Human Rights Watch has appealed to Saudi Arabia to halt the execution of a woman convicted of witchcraft.
Many Saudi executions are beheadings by the sword in public places
In a letter to King Abdullah, the rights group described the trial and conviction of Fawza Falih as a miscarriage of justice.
The illiterate woman was detained by religious police in 2005 and allegedly beaten and forced to fingerprint a confession that she could not read.
Among her accusers was a man who alleged she made him impotent.
Human Rights Watch said that Ms Falih had exhausted all her chances of appealing against her death sentence and she could only now be saved if King Abdullah intervened.
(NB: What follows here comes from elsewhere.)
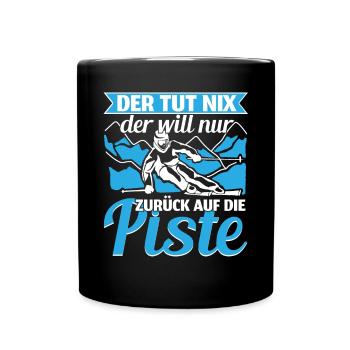 Ski Skifahren Skifahrer Der tut nix - Tasse einfarbig - Schwarz - Vorne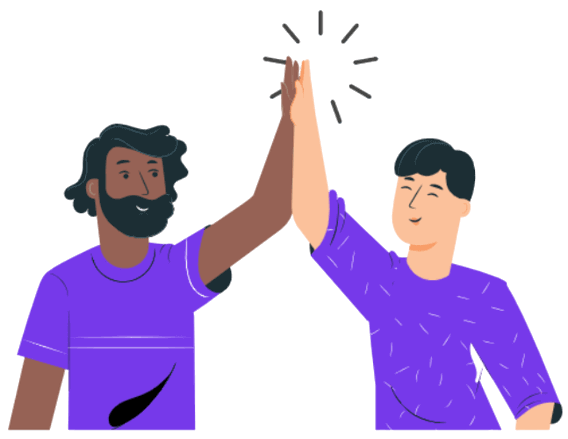 Finansh Visitor and Team Member high-fiving, symbolizing the new found friendship at Finansh that makes home loans simpler and smarter.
The US-based group is asking the Saudi ruler to void Ms Falih's conviction and to bring charges against the religious police who detained her and are alleged to have mistreated her.
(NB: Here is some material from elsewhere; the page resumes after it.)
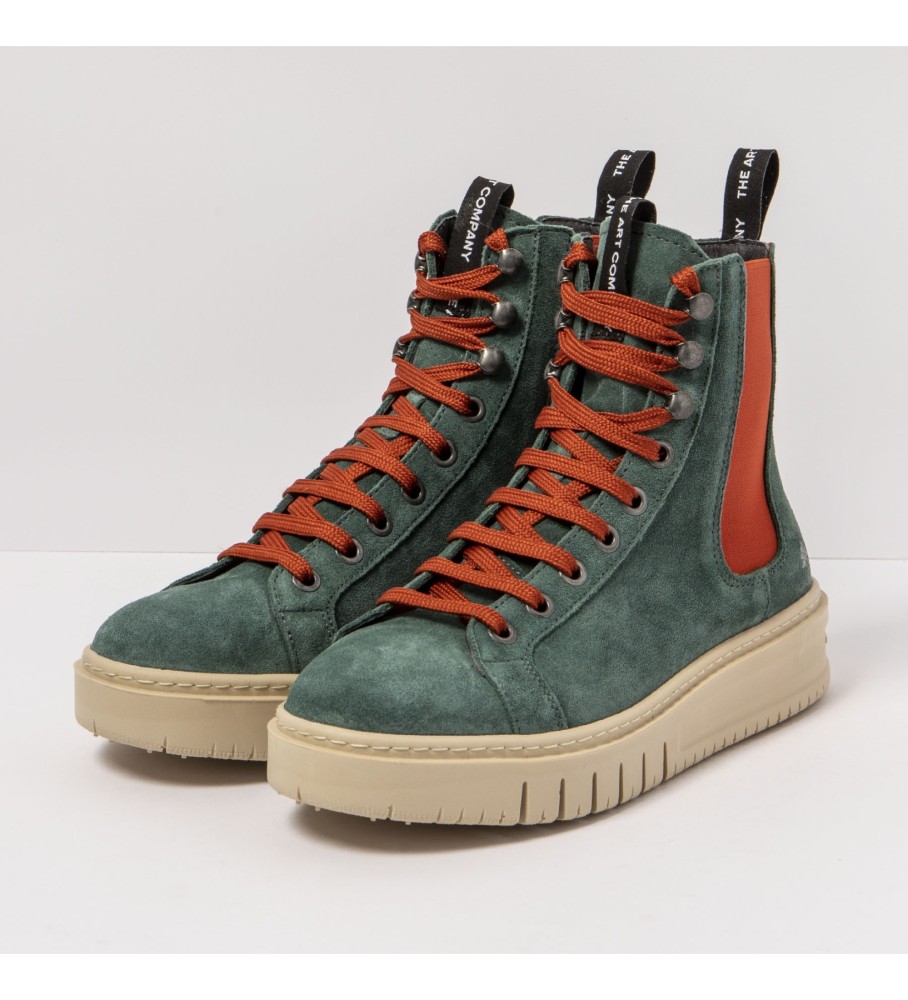Botas de couro verde artístico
Its letter to King Abdullah says the woman was tried for the undefined crime of witchcraft and that her conviction was on the basis of the written statements of witnesses who said that she had bewitched them.
Human Rights Watch says the trial failed to meet the safeguards in the Saudi justice system.
The confession which the defendant was forced to fingerprint was not even read out to her, the group says.
Also Ms Falih and her representatives were not allowed to attend most of the hearings.
When an appeal court decided she should not be executed, the law courts imposed the death sentence again, arguing that it would be in the public interest.